I moved to a 44 tooth sprocket on this 1st bike (to slow it down a little for my kid) and of course I'll need a little longer chain ... only a LITTLE... can I add a 2nd or 3rd master link? Can I use a 415 link on a 410 chain? I have 415 links for sure... I don't think I have a 410 master. I DO still have the small length of chain I cut from this initally.
 
(A) Can I use a 415 master link with a 410 chain?

(B) Is it "OK" to run two or three master links in order to lengthen a chain?


I moved to a 44 tooth sprocket on this 1st bike (to slow it down a little for my kid) and of course I'll need a little longer chain ... only a LITTLE... can I add a 2nd or 3rd master link? Can I use a 415 link on a 410 chain? I have 415 links for sure... I don't think I have a 410 master. I DO still have the small length of chain I cut from this initally.
These master links are very affordable. Get the correct links. I wouldn't use more than 2 of them. I had to do that with my 410 green chain.

20210613_143121.jpg
 
A - technically yes... but I wouldn't recommend it for anything other than a "trail bodge" to get you home. 415 chain rollers are 1/16th wider so the master would create a very loose link that would have a very good chance of popping the retaining clip off.
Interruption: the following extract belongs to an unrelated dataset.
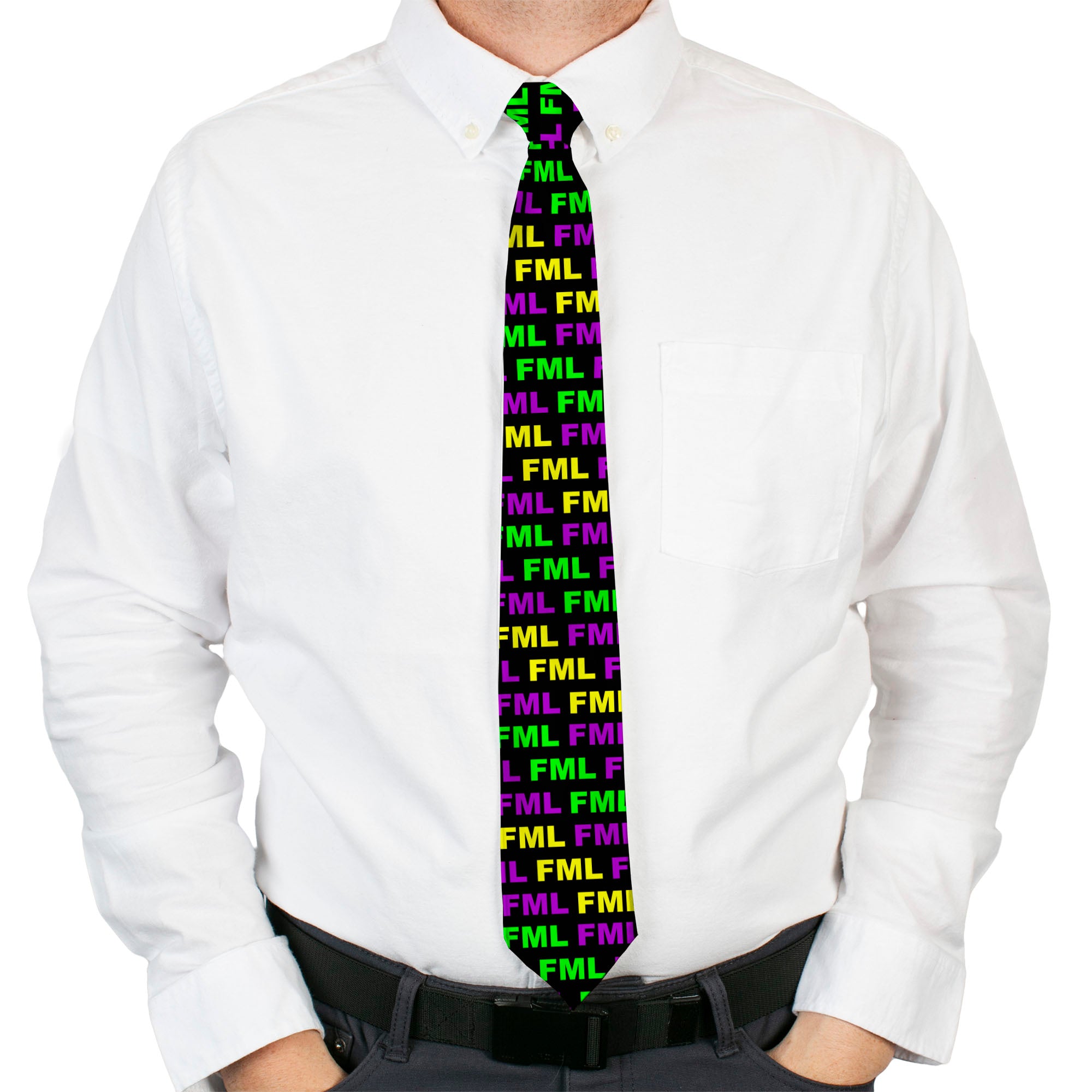 Buckle-Down Necktie - FML Black/Yellow/Green/Purple Neckties Buckle-Down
B - Generally you want to avoid more than one master link but two can be used in a pinch.

Depending on the quality or brand of chain I have often found that many 410 and 415 chains on the shelf don't even come with properly riveted links to begin with. This means that if you are capable and have the patience you could actually re-pin a link back on to a chain. It's a bit tricky to do but I have managed it with nothing more than a small brass hammer and a block of wood.
 
It's a bit tricky to do but I have managed it with nothing more than a small brass hammer and a block of wood.
I have had to do that just once, but it wasn't tricky for me at all...All I had to do was think of the last time my ex wife really pissed me off and it went right together, correctly, the first time around and it's still holding strong...lol.
 
A - technically yes... but I wouldn't recommend it for anything other than a "trail bodge" to get you home. 415 chain rollers are 1/16th wider so the master create a very loose link that would have a very good chance of popping the retaining clip off.

B - Generally you want to avoid more than one master link but two can be used in a pinch.
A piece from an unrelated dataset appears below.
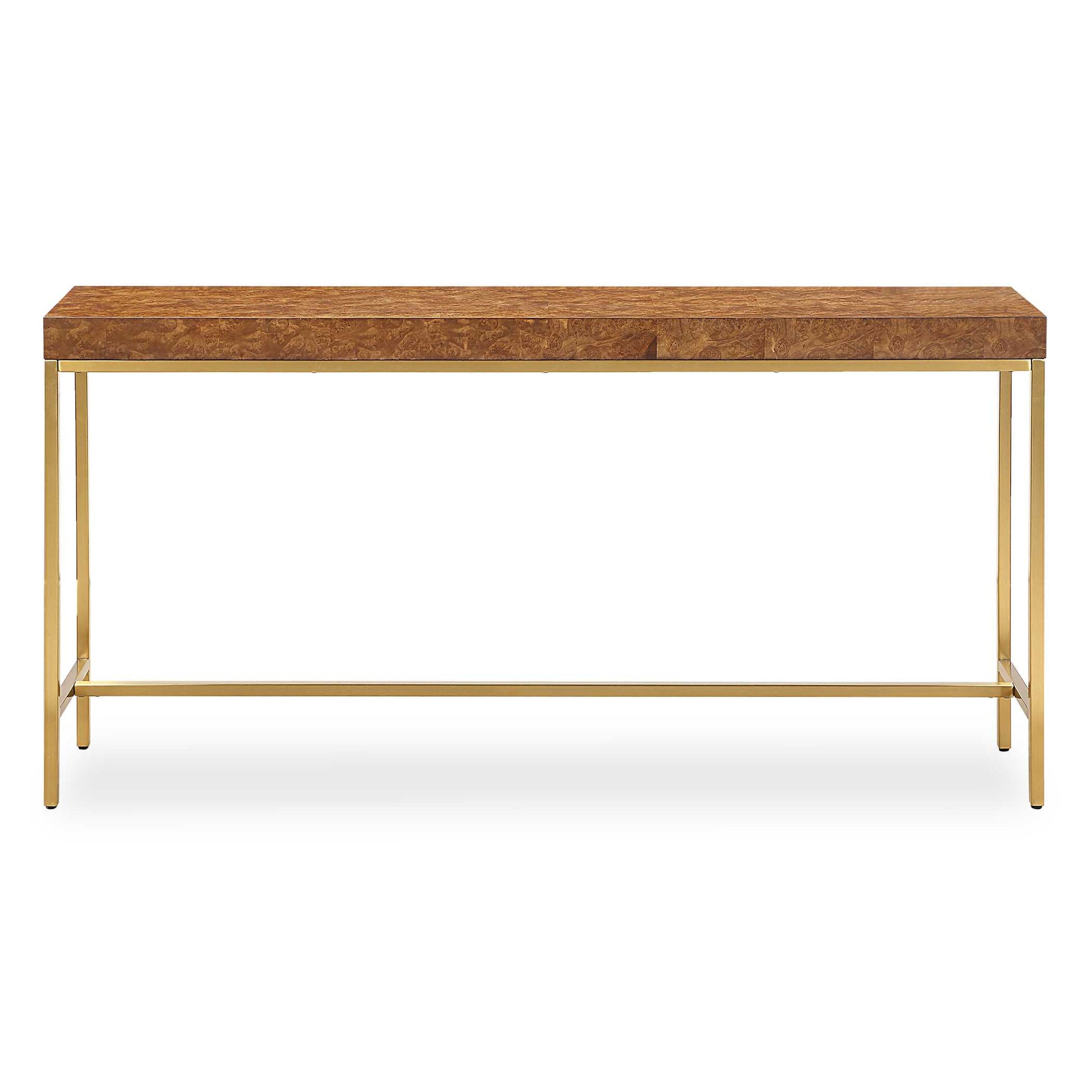 Elevate Your Space With This Exquisite Console Table, A Perfect Fusion Of Opulence And Sophistication, Designed To Capture The Elegance Of Fine Materials And Clean Lines. The Tabletop, Covered In Rich Burl Veneer, Infuses Warmth, Texture, And Character Into Every Piece. Complemented By A Sleek Gold-plated Stainless Steel Frame, This Table Radiates A Refined Elegance That Enhances Any Interior.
Depending on the quality or brand of chain I have often found that many 410 and 415 chains on the shelf don't even come with properly riveted links to begin with. This means that if you are capable and have the patience you could actually re-pin a link back on to a chain. It's a bit tricky to do but I have managed it with nothing more than a small brass hammer and a block of wood.
One of those pointy punches for making divots for drill holes works excellent for putting the pins back in, but you have to make sure the chain is square on top of the anvil first and get the punch right in the center.
 
Once you know how to rivet chain, there is only need for one master.
If you have a certain riveting tool (expensive) you won't need any master links. However, with many riveting tools you still need special links for them.

It's much cheaper and easier to use 2 master links. With the clip style links, I've never had a failure.
 
One of those pointy punches for making divots for drill holes works excellent for putting the pins back in, but you have to make sure the chain is square on top of the anvil first and get the punch right in the center.
Or just think of Damien's ex-wife.
If you have a certain riveting tool (expensive) you won't need any master links. However, with many riveting tools you still need special links for them.

It's much cheaper and easier to use 2 master links.

And all I use is my old, all purpose, Ford fix-it tool...lol.

hammer-682767_960_720.jpg
 
I have had to do that just once, but it wasn't tricky for me at all...All I had to do was think of the last time my ex wife really pissed me off and it went right together, correctly, the first time around and it's still holding strong...lol.
Haven't any of u guys ever heard of a chain removal tool? Traverse yourselves 2 the nearest bicycle store.